Introducing a 2002 collection of his early screenplays, Canadian filmmaker David Cronenberg supplies a brutal anti-foreword. “How can anyone possibly read a film script?” he asks, “a script is a ghost of something not yet born.”


In the enterprise of creating popular cinema a surfeit of filmed and written material is produced and discarded. One feels that the gleaning of this detrital landscape is rather in its remixing than remarketing. Such is the tenor of Emma Sywyj’s Screen Test: Part One (UK, 2016), a compilation film of studio screen tests and auditions spanning the silent era to the early-00s.


Sywyj tessellates the disinterred footage through visual synonyms: shared props and gestures.

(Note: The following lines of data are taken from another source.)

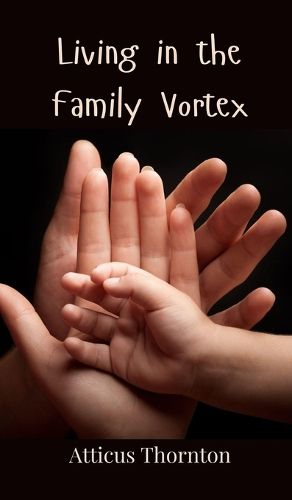 Cover image for Living in the Family Vortex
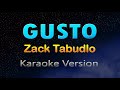 GUSTO - Zack Tabudlo ft. Al James (KARAOKE)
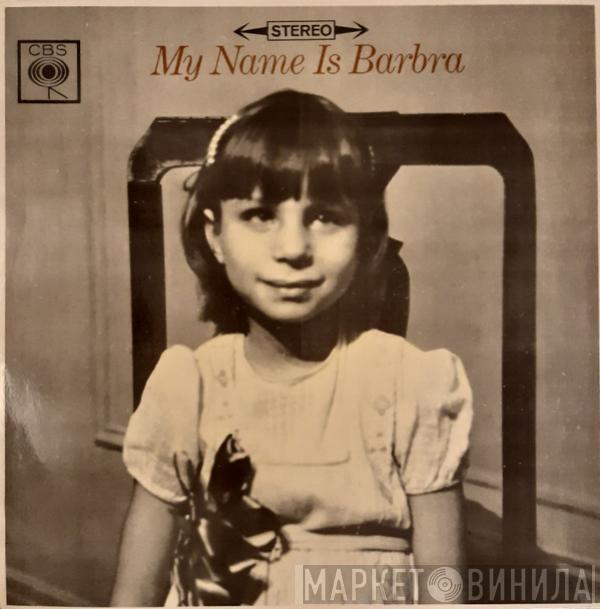  Barbra Streisand  - My Name Is Barbra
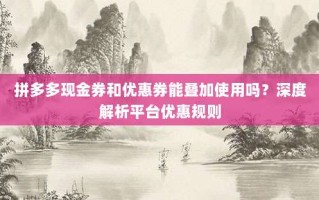 拼多多现金券和优惠券能叠加使用吗？深度解析平台优惠规则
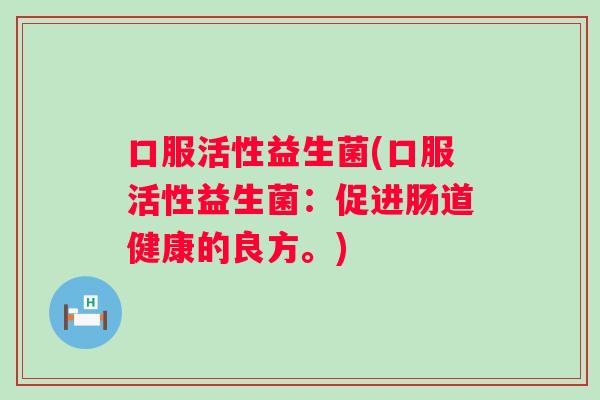 口服活性益生菌(口服活性益生菌:促进肠道健康的良方。) 口服活性益生菌(口服活性益生菌:促进肠道健康的良方。)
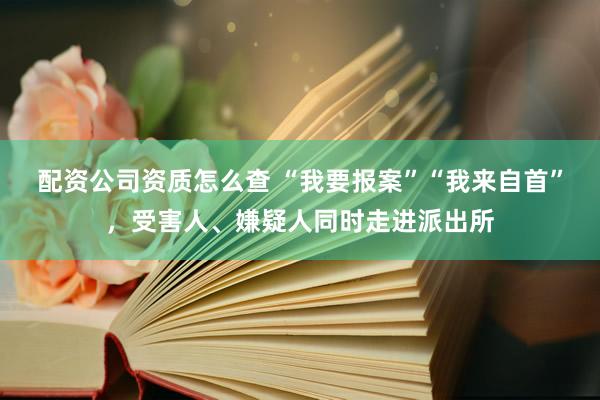 配资公司资质怎么查 “我要报案”“我来自首”，受害人、嫌疑人同时走进派出所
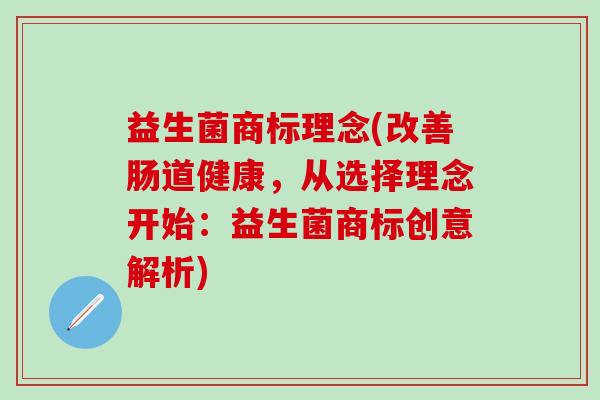 益生菌商标理念(改善肠道健康，从选择理念开始：益生菌商标创意解析)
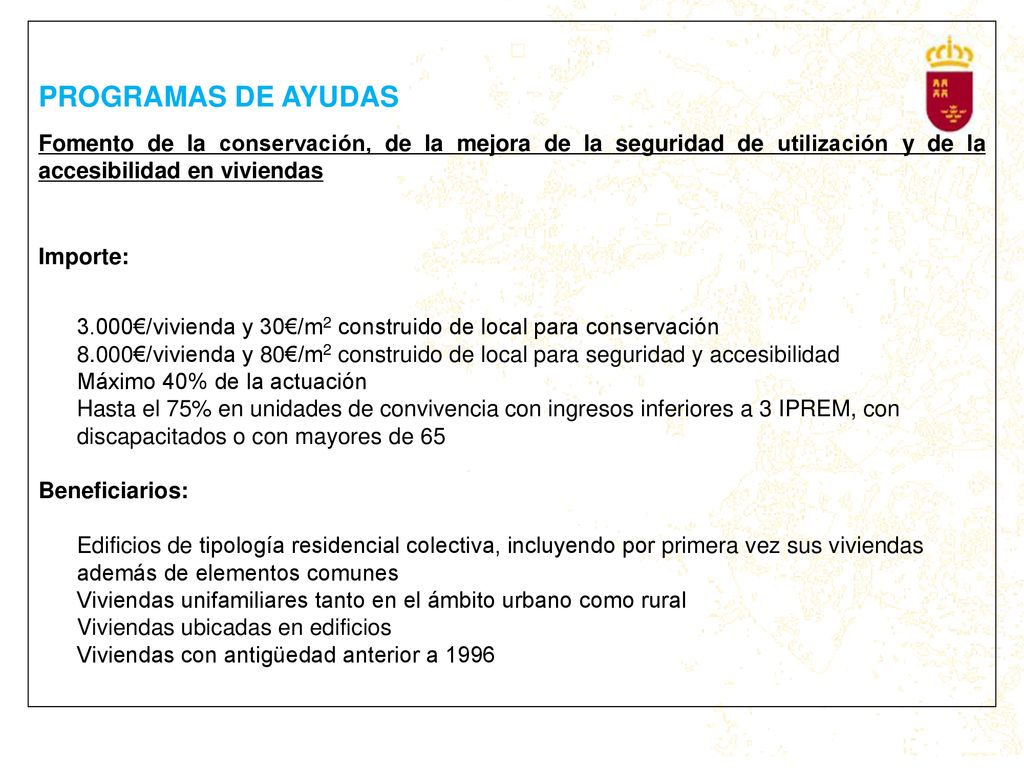 PROGRAMAS DE AYUDAS Fomento de la conservación, de la mejora de la seguridad de utilización y de la accesibilidad en viviendas.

By token of a cigarette Marlene Dietrich fades into Tallulah Bankhead, then Guy Williams then Sigourney Weaver; later Neve Campbell will dissolve into Joan Fontaine through a commonality of angst. The juxtapositions are considered, occasionally amusing – as when a young Elvis Presley, all giddy staccato energy, his baggy black suit boxing him like a wardrobe, fades into a diminutive, spandex-swaddled Burt Ward, primly executing forward rolls on a crash mat.

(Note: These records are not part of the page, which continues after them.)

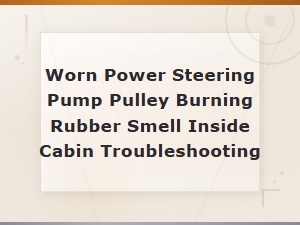 Worn Power Steering Pump Pulley Burning Rubber Smell Inside Cabin Troubleshooting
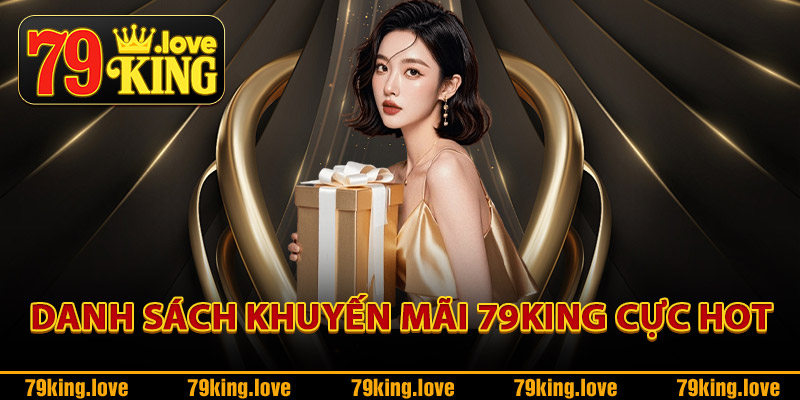 Danh sách khuyến mãi 79King cực hot
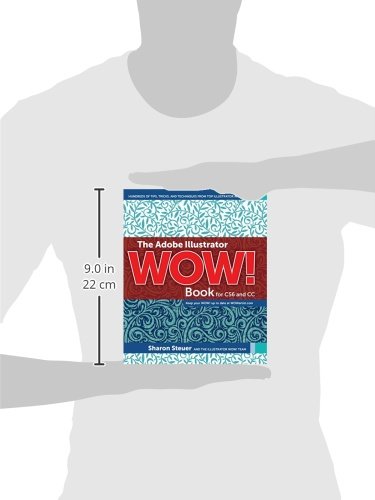 The Adobe Illustrator Wow! Book For Cs6 And Cc: Hundreds Of Tips, Tricks, And Techniques From Top Illustrator Artists-new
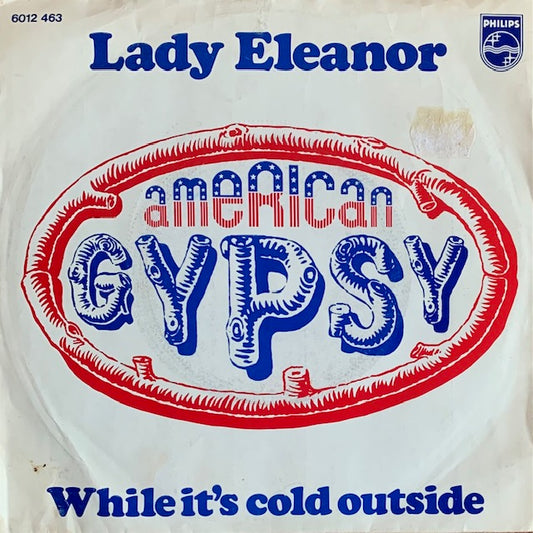 American Gypsy - Lady Eleanor [7”]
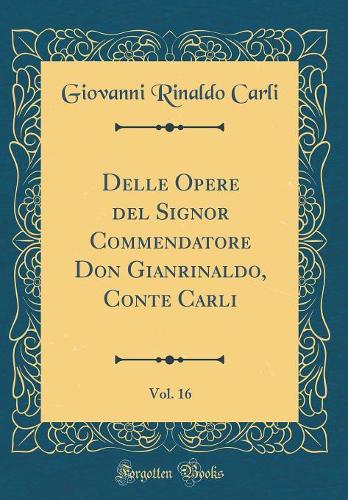 Delle Opere del Signor Commendatore Don Gianrinaldo, Conte Carli, Vol. 16 (Classic Reprint)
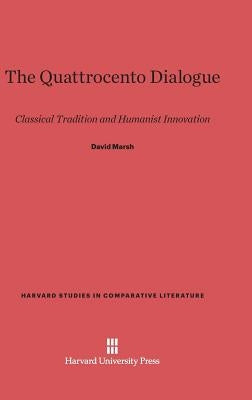 The Quattrocento Dialogue by Marsh, David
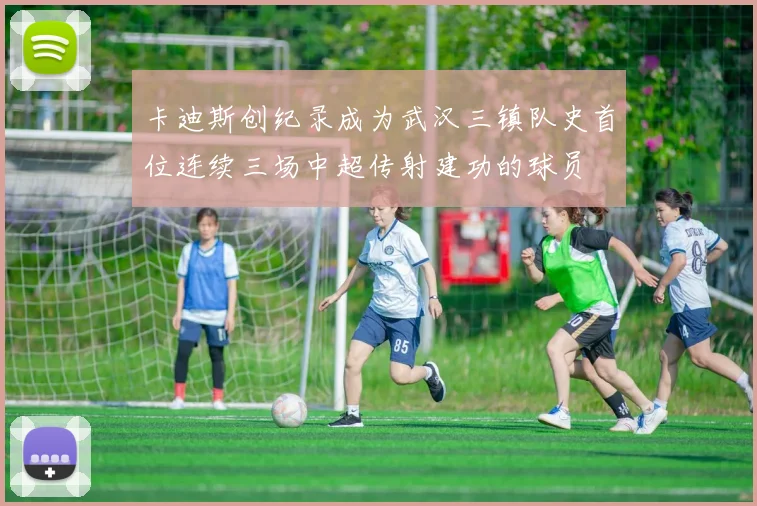 卡迪斯创纪录成为武汉三镇队史首位连续三场中超传射建功的球员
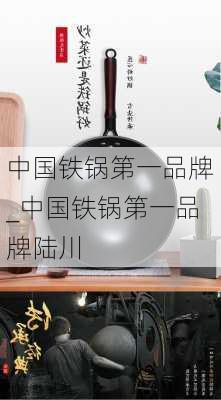 中国铁锅第一品牌_中国铁锅第一品牌陆川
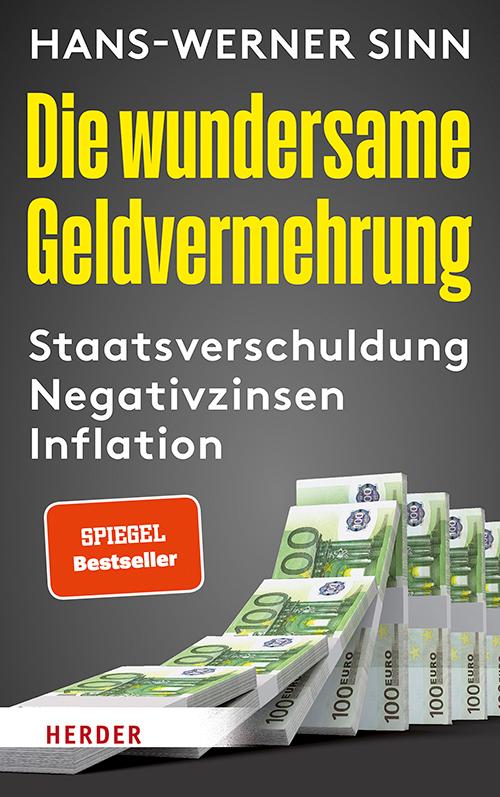 Cover: 9783451391279 | Die wundersame Geldvermehrung | Hans-Werner Sinn | Buch | 432 S.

The cuts dictate the film’s rhythm (there is no sound or music) and alight on something familiar, something approaching an awards ceremony montage of the recently passed. There’s a similar warmth and candor, but owing to the functionality of the footage some strangeness too, a sense of the uncanny. Judy Garland, starkly lit, obeying mechanical direction in what resembles an unfurnished hotel conference room, is not so much Magic-of-the-Movies but some Lynchian altered state, some zone flitting both sides of the curtain.

Broadly this characterizes one of the two major modes of the footage: the costume and makeup test, which usually involves the actor face-on to the camera, spooling words (Marlon Brando in one clip agreeably and self-consciously bemused by the task), then rotating to profile, then fully around. Otherwise these are filmed auditions – by all measure closer approximations of actual films, but artifacts still of an oddly negative space.

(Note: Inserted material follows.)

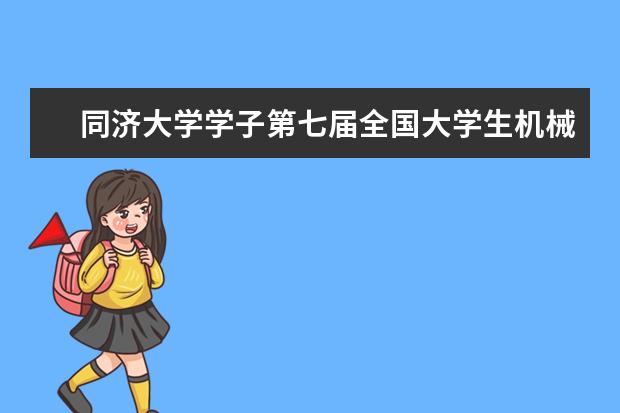 同济大学学子第七届全国大学生机械产品数字化设计赛获佳绩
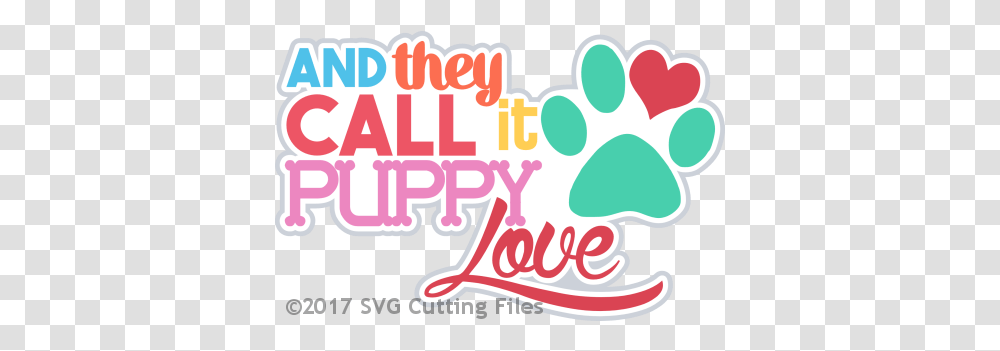 Svg Cutting Files Svg Files For Silhouette Cameo Sure Cuts They Call It Puppy Love, Label, Text, Alphabet, Word Transparent Png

In both instances the actor is presented in environs shorn of the overriding authorial trimmings of cinema: principally with regards to cinematography (it is functional, deferential to the actor), set (the surroundings are often blank or unmodified), and editing (there are no cuts, no imposed tempo). It is close to filmed theatre, or portraiture: Andy Warhol’s Screen Tests of the mid-60s are the obvious comparison. But Warhol’s footage was produced in the service of a deliberate artistic vision. Here, instead, the interest is in seeing footage absent of authorship retrofitted with that property through Sywyj’s curatorial and editorial hand.

 

'Screen Test: Part One' was a film in consideration for Short Focus Film Festival 2018.